As an employer, you simply can’t make the mistake of retaliating against a worker that submits a complaint against you with the Occupational Safety and Health Administration (OSHA). Federal law protects your employees against acts of retaliation, whether made internally or to a relevant government agency. Your workers have the right to report unsafe workplaces, and no business owner is protected from their own negligence.
In this brief article, an OSHA lawyer will discuss how the new Taxpayer First Act (TFA) affects the way retaliation complaints are handled by OSHA. This statute was signed into law on July 1, 2019, allowing OSHA to manage worker retaliation complaints against employers under the TFA. Remember, to protect your business from safety violations, consult our OSHA lawyers.
What You Need to Know
Under the TFA, OSHA has the ability to investigate retaliatory actions made against employees that have submitted a complaint. OSHA can investigate a number of different complaints, including those related to:
- Underpayment of tax
- Violations of internal revenue laws
- Violations of federal laws dealing with tax fraud to the Internal Revenue Service (IRS) or any other federal entity listed in the TFA, such as a supervisor or other employee that has the ability to investigate, discover, or eliminate misconduct.

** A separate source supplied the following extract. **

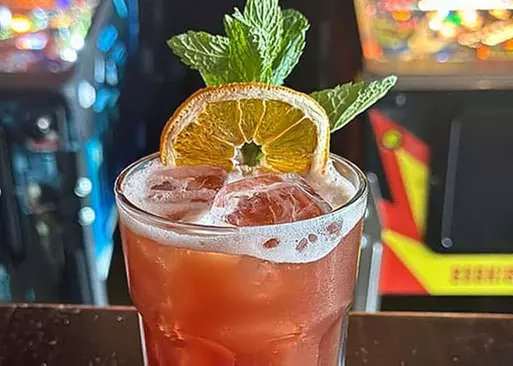 5% Cash Back at Platypus Bar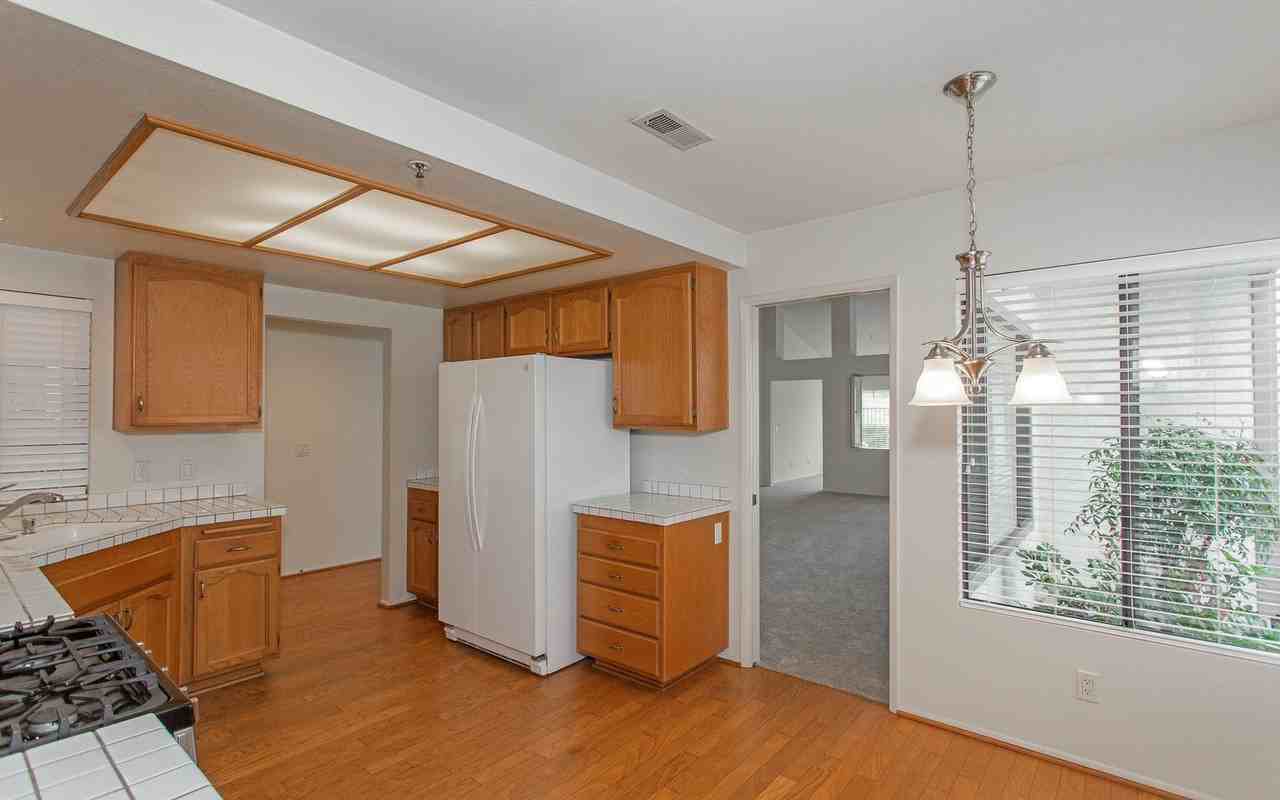 1955 Spyglass Cir - Photo 7 of 29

- Employees testifying, assisting, or otherwise taking part in any form of administrative or judicial action with the IRS. For example, an investigation looking into the alleged underpayment of tax, violation of internal revenue law, or violation of any federal law dealing with tax fraud.
How Complaints Are Processed
For now, OSHA will process all TFA whistleblower complaints in accordance with the procedures outlined in the Wendell H. Ford Aviation Investment and Reform Act for the 21st Century (AIR21), 49 U.S.C. § 42121. This process is likely to change once an interim final rule is issued, as this complaint procedure is intended to deal specifically with cases involving the aviation industry. That said, this procedure currently serves as a satisfactory method for handling complaints.
OSHA’s Whistleblower Protection Program
According to OSHA, the Whistleblower Protection Program is designed to enforce the more than 20 whistleblower statutes protecting employees in the United States. This program supports employees in a wide variety of industries by protecting their right to file complaints related to workplace safety and health and a myriad of other considerations. As a business owner, you must allow your workers to submit complaints if they feel doing so is justified. You can prevent complaints by focusing on workplace safety, implementing training programs, educating workers, making safety a central component of your workplace culture, and consulting an OSHA lawyer.
Disclaimer: The information contained in this article is for general educational information only. This information does not constitute legal advice, is not intended to constitute legal advice, nor should it be relied upon as legal advice for your specific factual pattern or situation.